Con l’accusa di associazione mafiosa, Giuseppe Costa è stato nuovamente arrestato dai Carabinieri del Comando provinciale di Trapani e dal personale della Dia. Si tratta di uno dei carcerieri del piccolo Giuseppe Di Matteo che aveva già scontato 10 anni di reclusione per il sequestro e l’uccisione del figlio 12enne del pentito Mario Santo.

Gli investigatori hanno anche perquisito l’abitazione di Costa, in località Purgatorio di Custonaci, dove lo stesso aveva realizzato in muratura la “cella” che era servita per tenere segregato il bambino, poi barbaramente ucciso e sciolto nell’acido su ordine di Giovanni Brusca.

Costa aveva già scontato venti anni di reclusione, dal 1997 al 2007, per il sequestro e l’uccisione del ragazzino 12enne.  Durante questo periodo ha ricevuto il sostegno economico delle famiglie mafiose senza mai collaborare con gli inquirenti.

Subito dopo la scarcerazione, secondo le indagini coordinate dalla Dda di Palermo, ha ripreso i rapporti con i vertici dei mandamenti mafiosi di Trapani e Mazara del Vallo avendo un ruolo nell’aggiudicazione illecita di appalti, in speculazioni immobiliari, e compiendo per conto dei clan atti intimidatori.

Secondo gli inquirenti, avrebbe anche ha partecipato alla raccolta dei voti per le elezioni regionali dell’autunno del 2017 e assunto il ruolo di controllore e tutore degli interessi di Cosa Nostra su un impianto di calcestruzzi della provincia trapanese.

L’opinione.

Qualche giorno addietro scrivevo un articolo su un fatto di corruzione in un comune.

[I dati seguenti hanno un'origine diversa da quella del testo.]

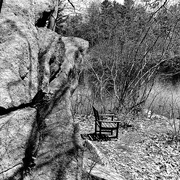 2nd May 2026 - Hermit’s View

Ho appreso che uno dei funzionari pubblici implicati era già stato investigato quando operava in un altro Ente locale. Questo ritenere, ipocritamente e omertosamente, che sia sufficiente spostare gli interiormente corrotti del sistema pubblico-politico da una poltrona all’altra, o da una scrivania all’altra, oppure da un Ministero, Palazzo, Istituzione, Regione, Provincia, Comune all’altro, e ancora peggio, ritenere che un mafioso possa ritornare sui propri passi tanto più quando non si pente e non collabora facendosi anche pagare le spese legali dalla famiglie mafiose che a loro volta le estorcono ai civili cittadini, ha condotto negli anni l’Italia e la Sicilia ad essere notoriamente un mega crocevia (una “collettrice”) di trasversale corruzione e mafiosità, nativa e d’importazione, nella quale la “Giustizia” è solo per chi ha i soldi per pagarsi gli avvocati specialmente se di corridoi di Tribunale, oppure per chi fa parte di associazioni soprattutto politiche accreditate a certe ideologie, o a interessi economici, oppure corporativi o sindacali e infine mafiosi. Fino a che dura.